Para além desse convívio com as suas palavras, que permanecerá para lá do seu desaparecimento físico, tive a sorte de com ele conviver, por razões profissionais e também pessoais: entrevistei-o várias vezes e recordo, em particular, a “temeridade” de entrevistar Lourenço em “prime-time”, durante uma hora, na RTP, quando o facilitismo dos conteúdos já ameaçava a presença do pensamento em horário nobre, em particular fora do âmbito restrito das entrevistas político-partidárias.

Depois, enquanto estive à frente da direcção de comunicação da Fundação Calouste Gulbenkian, entre 1995 e 1998, tive oportunidade de privar com Eduardo Lourenço com alguma regularidade, já que ele integrava então, a convite do Presidente da FCG, Prof. Dr. Ferrer Correia, o Conselho Geral da Fundação, que reunia uma vez por mês um conjunto de notáveis personalidades, entre as quais recordo também Maria Helena Rocha Pereira e Isabel Magalhães Colaço. Que privilégio ouvi-los dissertar, com total liberdade e independência, sobre as linhas de acção e actividades da Fundação e, a esse propósito, do que se passava no país! (dou-me conta, ao referir estes três nomes de forma espontânea, que tal certamente aconteceu por se tratar de algumas das personalidades mais livres e brilhantes que conheci).

Mas com Eduardo Lourenço tive também um contacto mais informal graças a uma amiga comum, Lídia Jorge: Lourenço tinha uma admiração e um carinho por Lídia Jorge absolutamente únicos e eu pude, nesse contexto afectivo, usufruir do seu convívio de uma forma mais próxima. Guardo, da sua presença em minha casa, uma recordação indelével.

“Com a saudade não recuperamos apenas o passado como paraíso; inventamo-lo. O nosso povo, imemorialmente rural, absorvido por fora em afazeres desprovidos de transcendência, mas levados a cabo como uma epopeia, com o seu talento do detalhe, da miniatura, é um povo sonhador.

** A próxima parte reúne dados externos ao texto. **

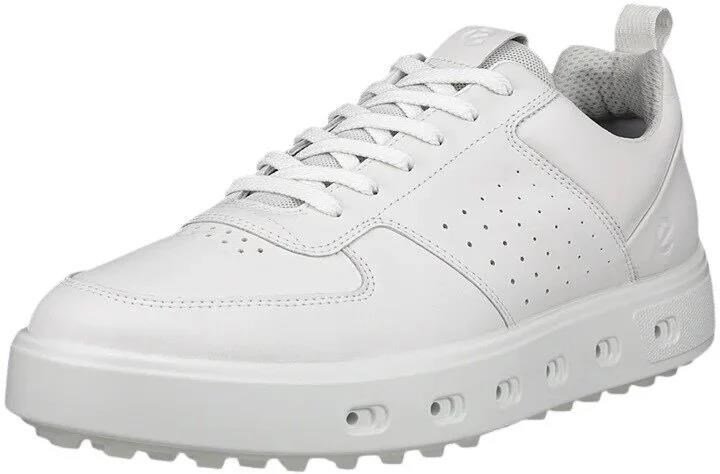 Ecco Street 720 pánské golfové boty, bílé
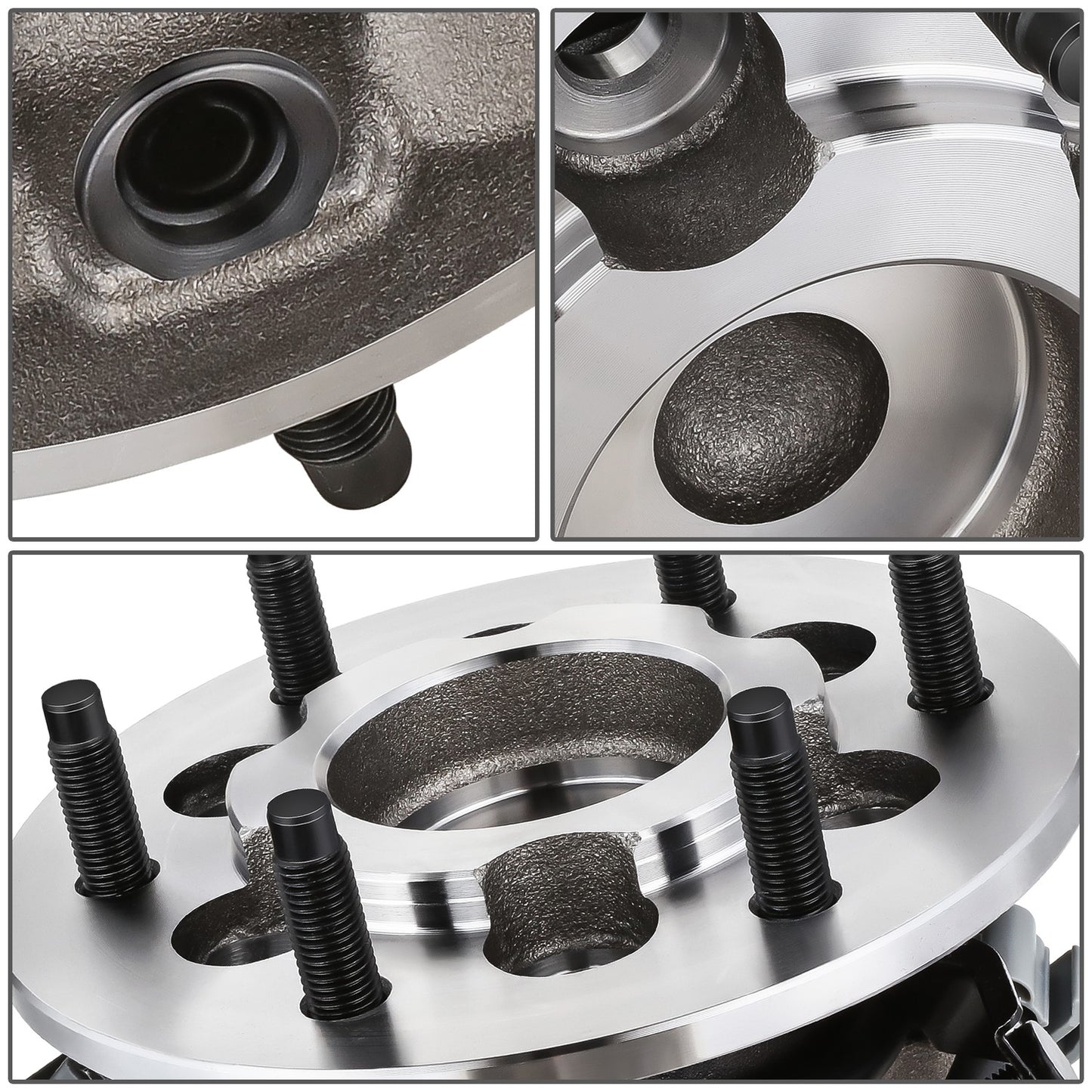 MASA DE RUEDA WHEEL HUBS & BEARINGS - CHEVROLET COLORADO 2004-2012 / GMC CANYON 2004-2012 / ISUZU I-280 2006 / ISUZU I-290 2007-2008 / ISUZU I-370 2007-2008 - RWD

(…) A saudade, descida no coração do tempo para resgatar o tempo – o nosso, pessoal ou colectivo -, é como uma lâmpada que recusa apagar-se no meio da noite. Talvez nos torne estranhos e mesmo complacentes para com essa estranheza, mas esse sentimento é puramente ilusório. Sob outros nomes ou sem nomes, a saudade é universal, não apenas como desejo de eternidade, mas como sensação e sentimento vividos de eternidade. Ela brilha sozinha no coração de todas as ausências”.